GPU & numerics
C+ does not have a kernel language, a GPU dialect, or a built-in tensor type. It does not need one. The language core stays small, and heavy numerics come from packages that bind the vendor's own SDK through plain C FFI. You get the same pre-tuned matmul the platform ships, called from typed C+ with no shim layer in between.
Two properties make this pleasant rather than painful:
- It is just FFI. Each binding is
extern fnover the real library (Metal,cuBLAS, a CBLAS), so there is nothing to reimplement and nothing to fall behind the vendor. C+ is a consumer of these SDKs. - Resources are
Drop-managed. Device buffers, BLAS handles, and Metal objects each free themselves at scope exit (cudaFree,cublasDestroy,objc_release), so the ownership model that protects host memory protects device resources too.
The backend matrix
Pick the package for the hardware you are on:
| Platform | GPU | CPU |
|---|---|---|
| Apple | metal — Metal + MPS | accelerate — Accelerate (BLAS, vDSP) |
| NVIDIA | cuda — CUDA Runtime + cuBLAS | — |
| Cross-platform | — | cblas — OpenBLAS / Netlib / MKL |
For CPU-side vector math that does not need a BLAS at all, the
simd package gives portable f32x4 and integer-lane
kernels (see also the SIMD types language page).
A typical shape
GPU numerics in C+ follows the same rhythm regardless of backend: get a handle or device, move data to where the compute happens, call the pre-tuned routine, read the result back. Every handle in that chain frees itself.
import "cuda/cublas" as cublas;
guard let cublas::Handle::new() else { return 1; } // Drop = cublasDestroy
// ... upload inputs into DeviceBuffers (Drop = cudaFree), run sgemm, copy out ...
The matmul itself is the vendor's sgemm, column-major, exactly as the SDK
defines it. See each package page for the concrete API:
- cuda — NVIDIA GPU compute and cuBLAS.
- cblas — the cross-platform CPU BLAS path.
- accelerate — Apple's CPU numerics and the reference path for checking GPU results.
- metal — Apple GPU compute and MPS.
Linking a library outside the default path
A vendor library often lives somewhere the linker does not search by default
(CUDA's lib64, a custom OpenBLAS prefix).
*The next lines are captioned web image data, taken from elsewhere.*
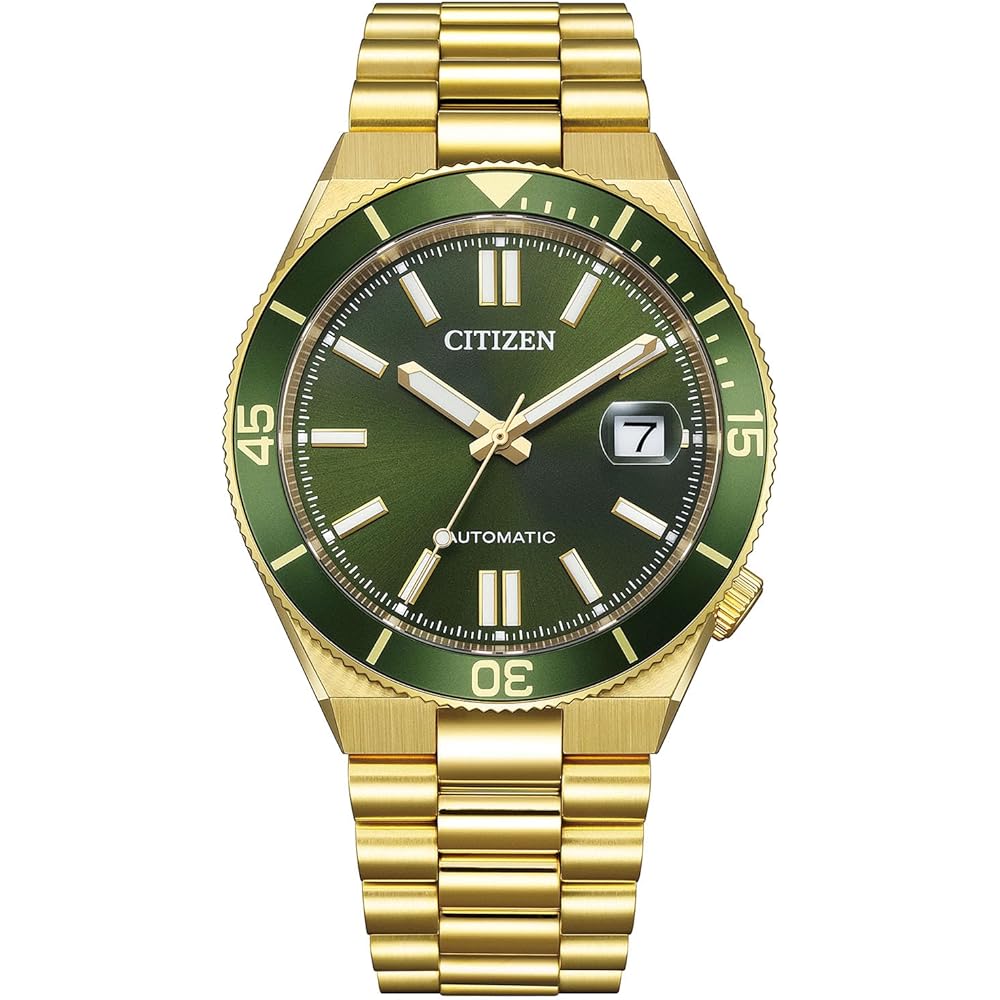 

Citizen NJ0232-53X Mechanical Watch Waterproof Analog Date Men s Business Gold Green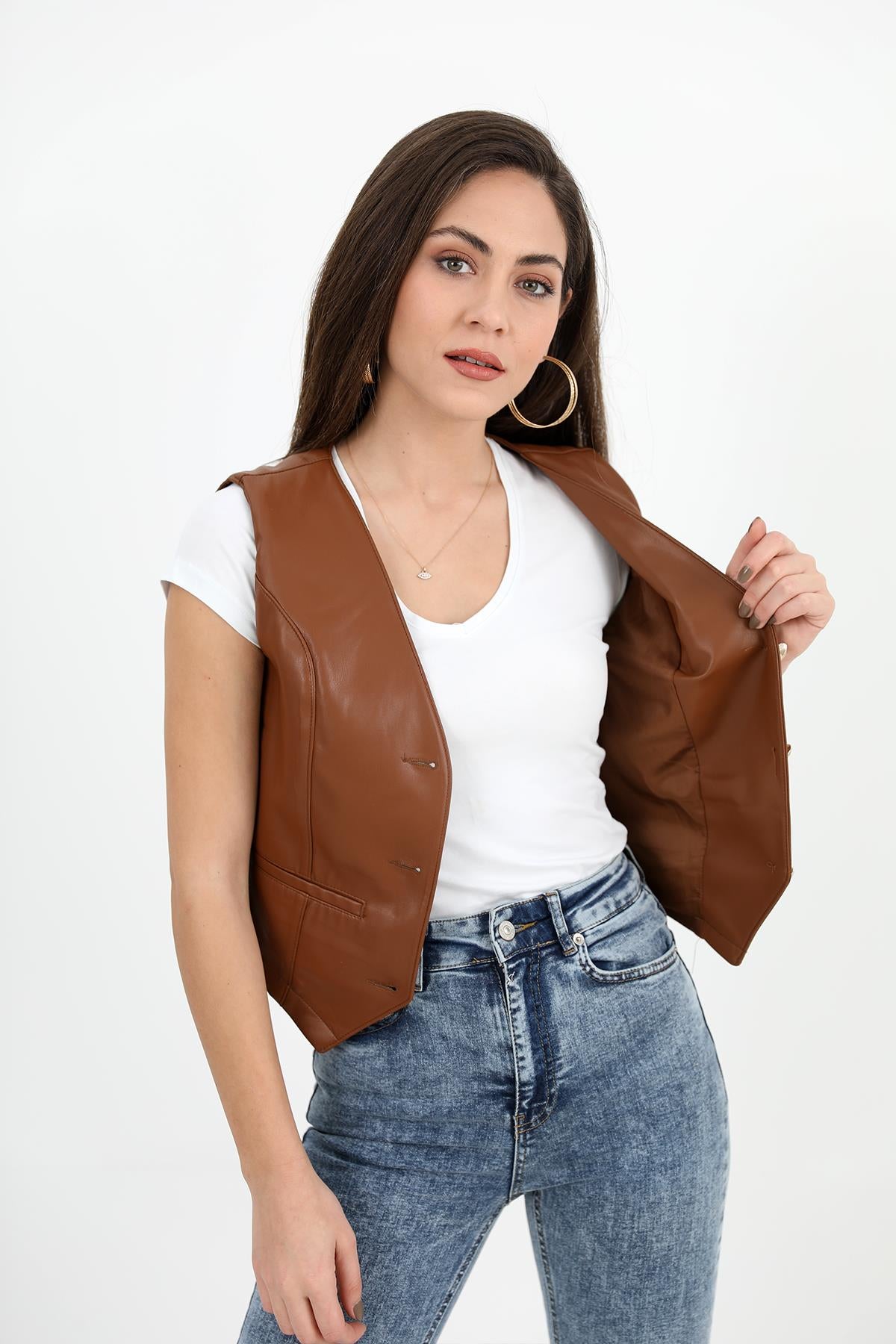 Women's Leather Vest with Flap Pocket - STREETMODE ™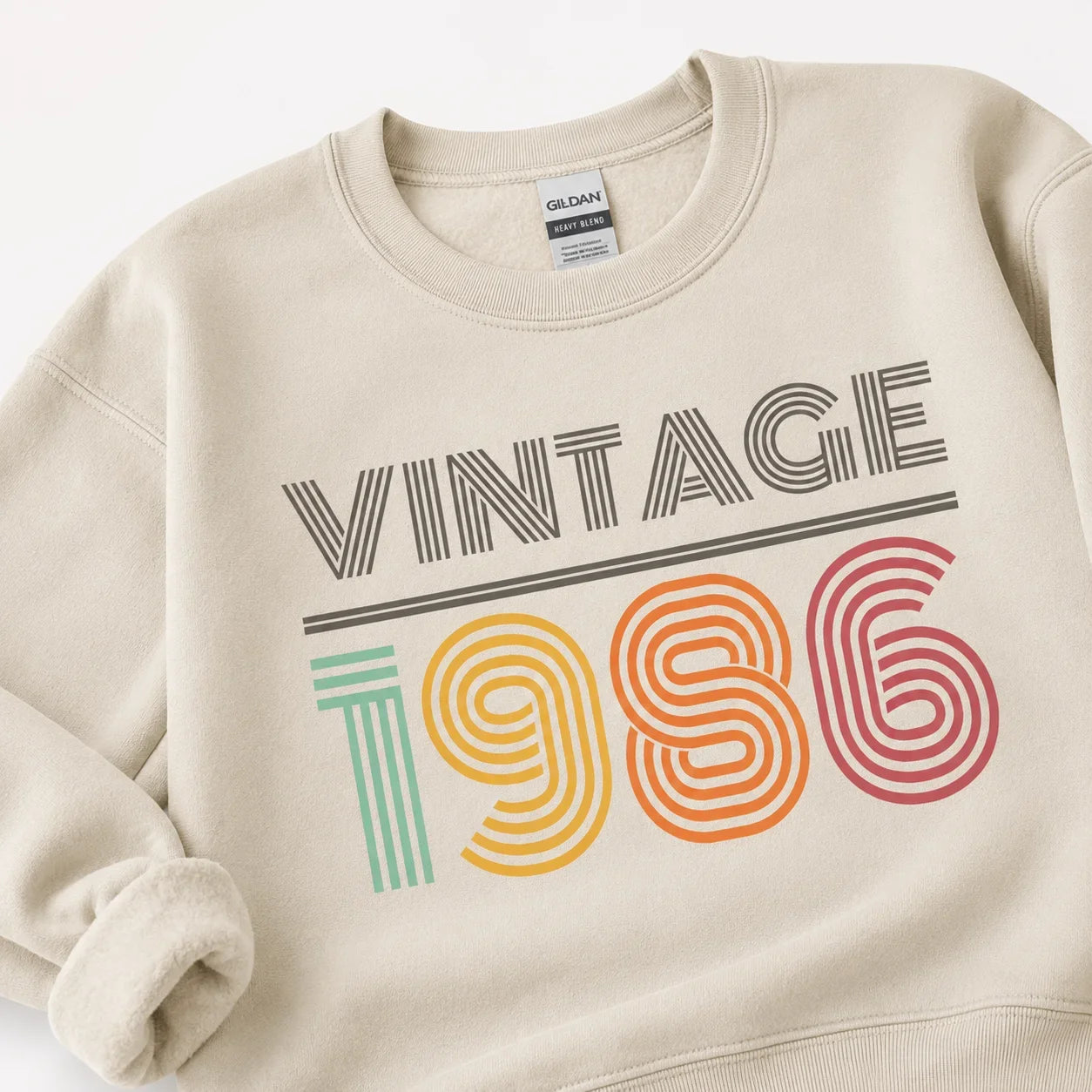 Vintage Birthday Year Sweatshirt Custom Retro Crewneck - Muveszi Pakistan (image 2)
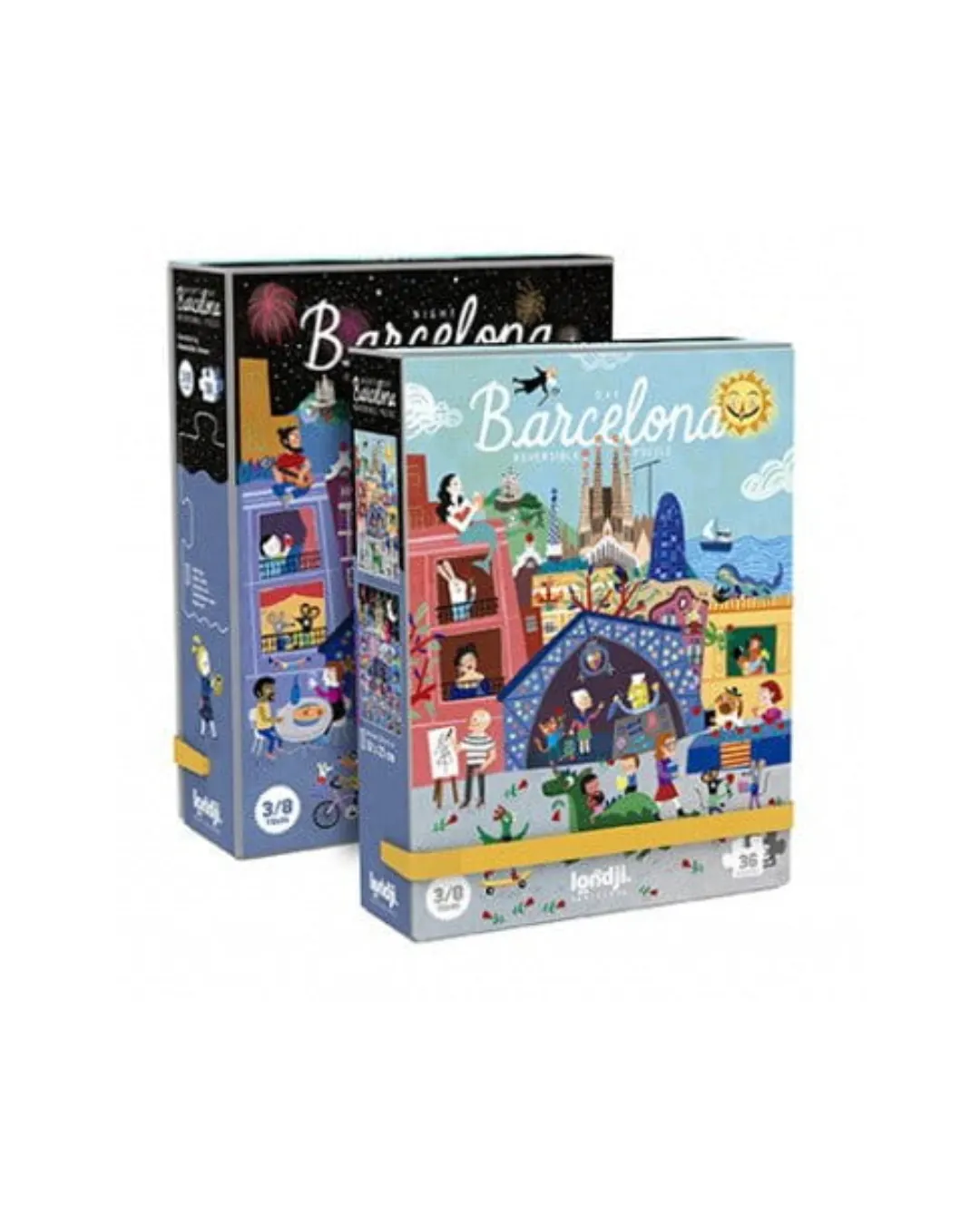 Londji - dwustronne puzzle dla dzieci Barcelona - Dzień i Noc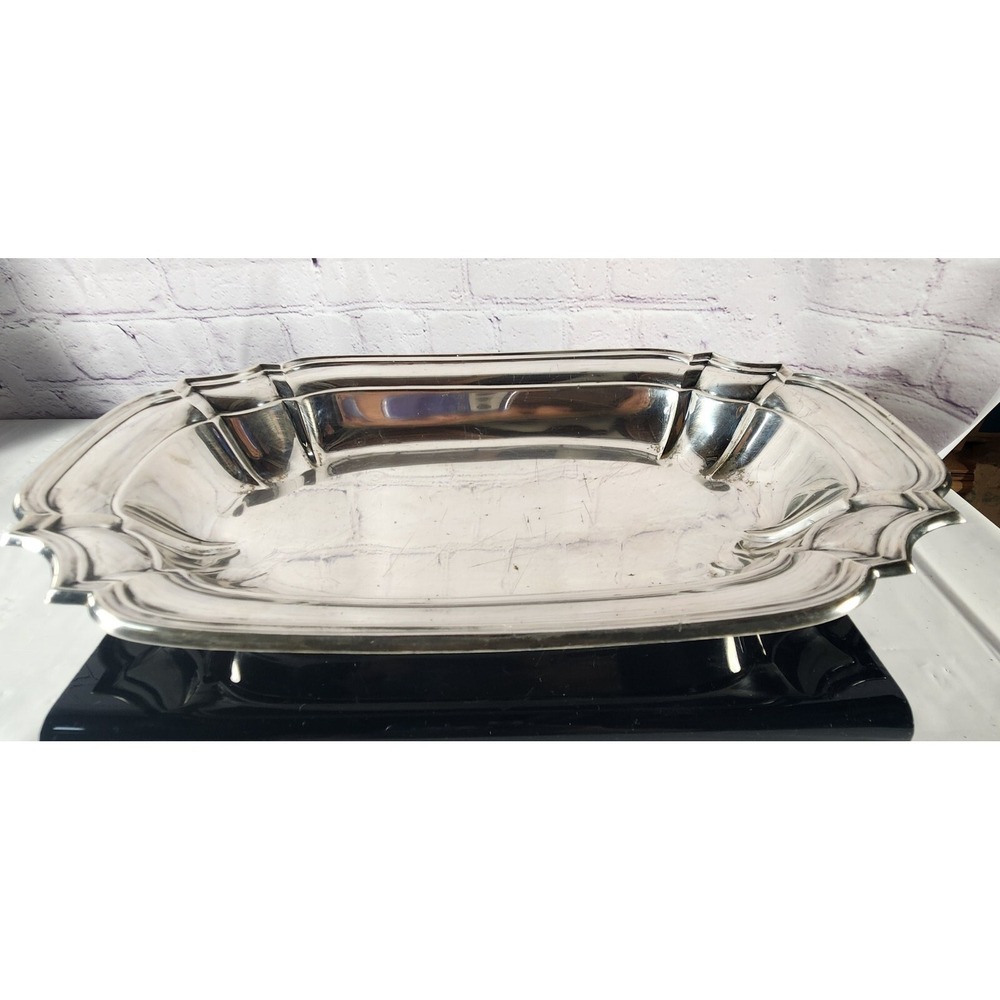 Vintage LUNT‎ Silverplate Serving Tray Platter Great For Serving Bread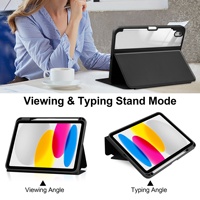 Étui pour iPad 11e et 10e génération, pour iPad 11 2025 A3354, coque arrière rigide transparente avec support pliable et porte-stylet, nouveau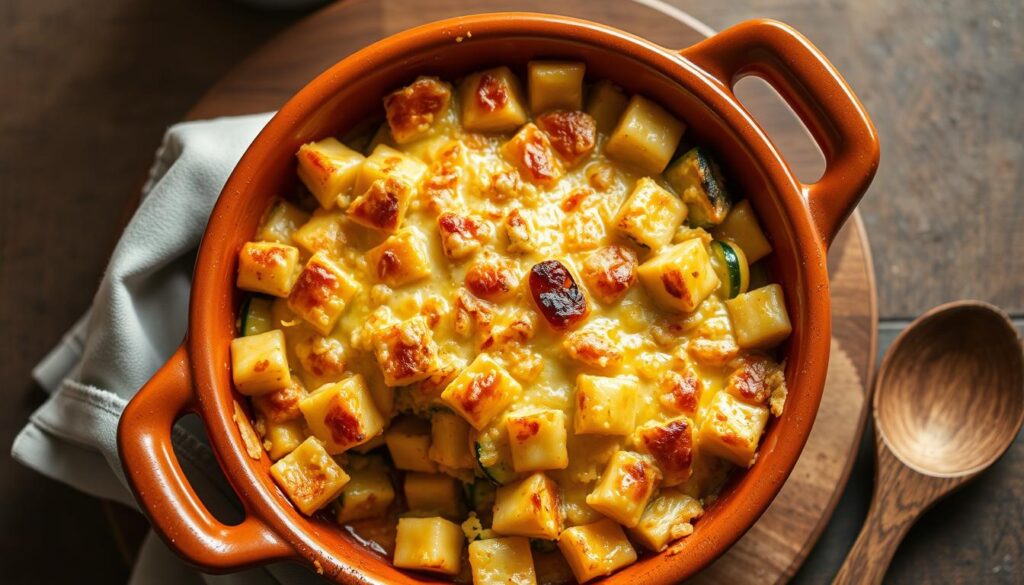 Gratin de crozet courgette servi dans un plat en terre cuite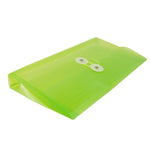 JAM Paper® Plastic Envelopes with Button and String Tie Closure, #10 Business Booklet, 5.25 x 10, Lime Green, 12/Pack (921B1LI)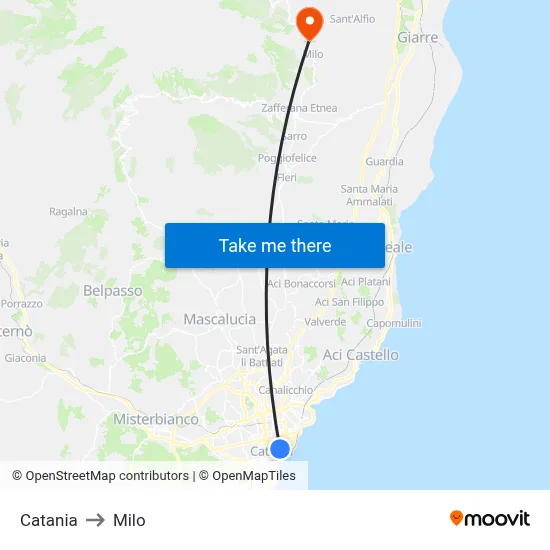Catania to Milo map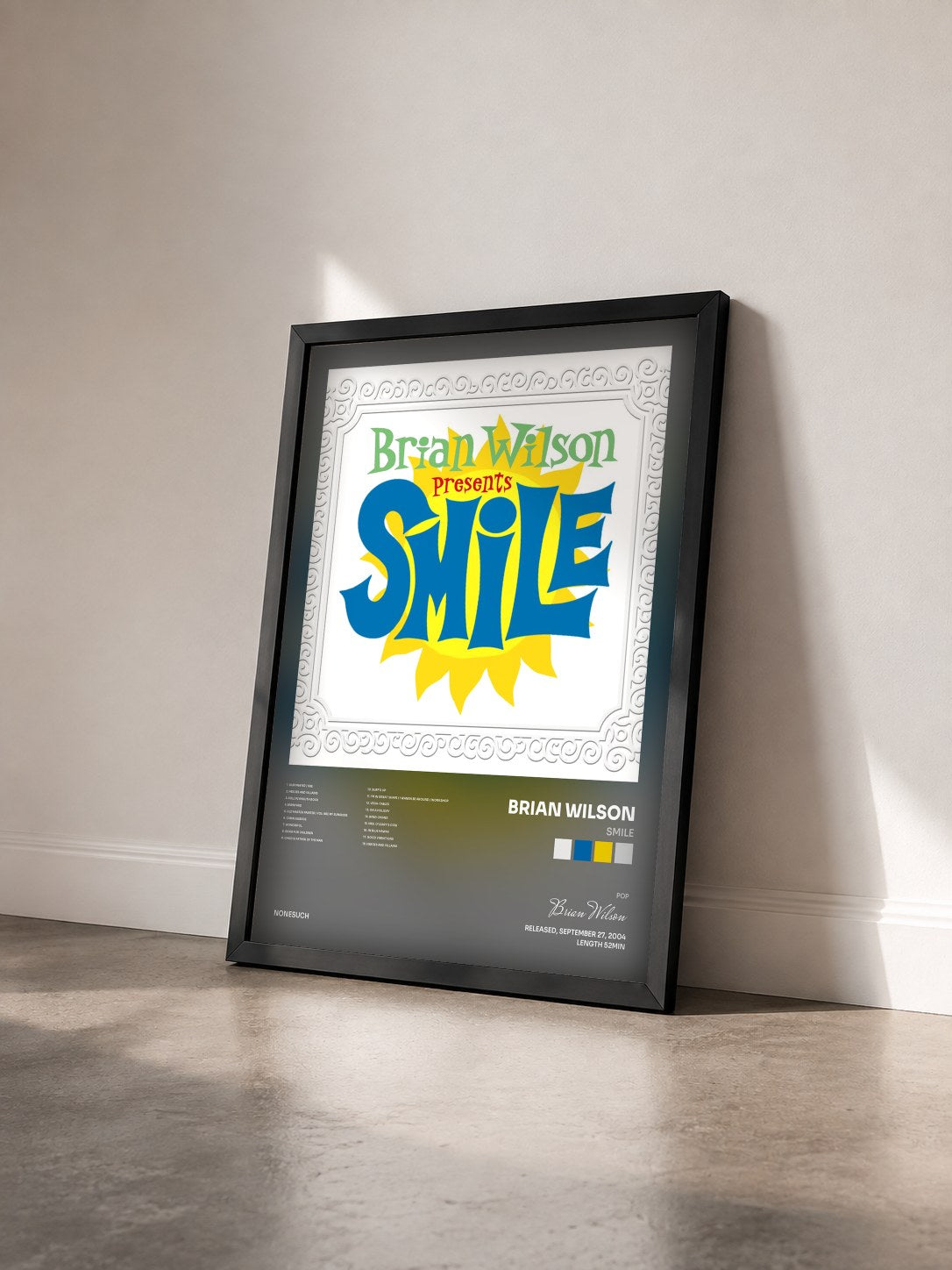 #noir Tableau de l'album Smile de Brian Wilson vu de trois quarts, cadre noir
The manifest [link] table takes
search directories so the build resolves them at both link and run time without
LD_LIBRARY_PATH:
[link]
search-paths = ["/usr/local/cuda/lib64"]
Each entry becomes both -L<dir> and -Wl,-rpath,<dir>; relative entries
resolve against the manifest directory. See
Modules & packages for the full manifest.